Freija and Beringian Fritillary0
We believe that growing our own food is the most radical and effective way to promote social justice, equality and sustainability. Everyone, to some extent, can grow their own food. It makes even more sense for communities to grow their own food, sharing responsibilities and costs. It requires a restructuring of values, the kinds of values that are necessary for a consumer culture to wake up to the exploitation and poverty we perpetuate throughout the world. Our socially and environmentally exploitive food-culture perpetuates the very resource wars and poverty that concern so many of us. Growing food brings our environment sharply into focus; we learn how much we rely on healthy food, healthy soil and an healthy ecosystem. On our homestead, and in this blog, we practice and advocate human-scaled food systems, with an intimate hands on approach, as a way for everyone on this earth to be nutritiously and sustainably fed, from the first world to the third world. Our diverse, closed-loop homestead is to us, a relevant form of protest, as well as a constructive way to build a sustainable future.
We are all in this together. Not one of us lives on this earth alone.

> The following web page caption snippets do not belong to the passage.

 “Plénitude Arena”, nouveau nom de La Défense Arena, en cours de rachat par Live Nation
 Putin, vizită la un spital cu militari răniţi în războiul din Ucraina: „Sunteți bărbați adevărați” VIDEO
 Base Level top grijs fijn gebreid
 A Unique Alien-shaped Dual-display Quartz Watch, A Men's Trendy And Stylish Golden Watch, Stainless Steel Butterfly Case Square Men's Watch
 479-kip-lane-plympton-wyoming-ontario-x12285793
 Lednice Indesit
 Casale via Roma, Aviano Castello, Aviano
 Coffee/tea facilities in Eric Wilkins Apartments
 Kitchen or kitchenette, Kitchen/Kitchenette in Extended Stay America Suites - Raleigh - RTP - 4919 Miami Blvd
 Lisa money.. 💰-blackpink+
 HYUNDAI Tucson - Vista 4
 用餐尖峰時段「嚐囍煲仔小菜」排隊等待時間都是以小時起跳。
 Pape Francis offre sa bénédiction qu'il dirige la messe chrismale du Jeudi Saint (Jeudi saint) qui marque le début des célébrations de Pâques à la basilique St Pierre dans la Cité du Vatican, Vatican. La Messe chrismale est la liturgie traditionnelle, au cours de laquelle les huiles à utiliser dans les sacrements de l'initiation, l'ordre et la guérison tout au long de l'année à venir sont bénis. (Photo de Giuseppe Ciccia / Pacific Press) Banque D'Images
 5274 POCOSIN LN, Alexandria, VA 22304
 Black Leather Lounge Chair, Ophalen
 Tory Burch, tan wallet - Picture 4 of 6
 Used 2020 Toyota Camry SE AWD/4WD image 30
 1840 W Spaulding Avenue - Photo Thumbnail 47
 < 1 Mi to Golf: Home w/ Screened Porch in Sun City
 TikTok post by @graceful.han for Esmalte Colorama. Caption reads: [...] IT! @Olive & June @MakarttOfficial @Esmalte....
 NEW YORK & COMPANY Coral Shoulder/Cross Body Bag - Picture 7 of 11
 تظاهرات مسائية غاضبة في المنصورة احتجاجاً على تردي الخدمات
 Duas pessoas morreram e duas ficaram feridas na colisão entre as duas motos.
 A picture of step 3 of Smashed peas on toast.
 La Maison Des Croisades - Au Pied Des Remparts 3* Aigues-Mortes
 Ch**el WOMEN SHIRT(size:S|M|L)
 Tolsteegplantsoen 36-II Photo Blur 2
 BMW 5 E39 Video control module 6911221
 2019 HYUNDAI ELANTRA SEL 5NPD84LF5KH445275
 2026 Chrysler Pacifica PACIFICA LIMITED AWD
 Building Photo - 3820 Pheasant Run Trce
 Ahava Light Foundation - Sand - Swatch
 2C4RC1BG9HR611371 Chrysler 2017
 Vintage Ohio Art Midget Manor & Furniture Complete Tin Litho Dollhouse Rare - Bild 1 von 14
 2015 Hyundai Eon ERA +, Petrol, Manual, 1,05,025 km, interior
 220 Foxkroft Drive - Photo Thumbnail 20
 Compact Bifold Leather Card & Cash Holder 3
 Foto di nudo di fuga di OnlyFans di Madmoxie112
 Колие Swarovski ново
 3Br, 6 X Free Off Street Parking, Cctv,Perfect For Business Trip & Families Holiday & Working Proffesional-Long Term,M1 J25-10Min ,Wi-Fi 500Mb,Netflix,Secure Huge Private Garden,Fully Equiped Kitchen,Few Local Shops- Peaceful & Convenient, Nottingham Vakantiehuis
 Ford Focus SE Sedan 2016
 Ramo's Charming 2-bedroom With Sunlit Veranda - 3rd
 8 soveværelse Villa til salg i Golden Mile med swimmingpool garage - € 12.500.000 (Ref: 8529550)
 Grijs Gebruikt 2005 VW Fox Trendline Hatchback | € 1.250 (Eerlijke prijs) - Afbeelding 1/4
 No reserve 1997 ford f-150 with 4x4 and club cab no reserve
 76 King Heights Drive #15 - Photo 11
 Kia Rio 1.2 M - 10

Just in case you are curious about the way we live... We produce enough income from a half-acre market garden to live a simple, debt-free lifestyle. We are off-grid and produce our power from an 80 Watt solar panel to run the things we need. We hydro-cool our perishables, and can, dry or cellar our food instead of running a fridge or freezer. We cook and heat water with wood, year-round, which means getting a fire going each morning, even in the heat of our two week long summer, and doing all the cooking and washing before the heat of the day. We ride bicycles to get where we need to go, especially to the Community Internet Access Center, and barter for rides into town for shopping a few times a year. In our Northern garden, Zone 4, we produce and preserve our own vegetables, herbs and most of our grains in a half-acre garden and acre grain field. We keep a small herd of goats, and a small flock of hens, to produce our meat, dairy products and eggs. We live seasonally, our daily life in the spring centers on planting and cultivating, our daily life in summer centers on harvesting and preserving, our daily life in fall centers on preparing for winter, and our daily life in winter centers on reading, learning, writing, philosophizing, planning and crafting. We are always looking for ways to innovate the tools and techniques for growing food on a home-scale. And we are always looking for ways to strengthen the effect of our lifestyle choices by connecting what we do with the larger community.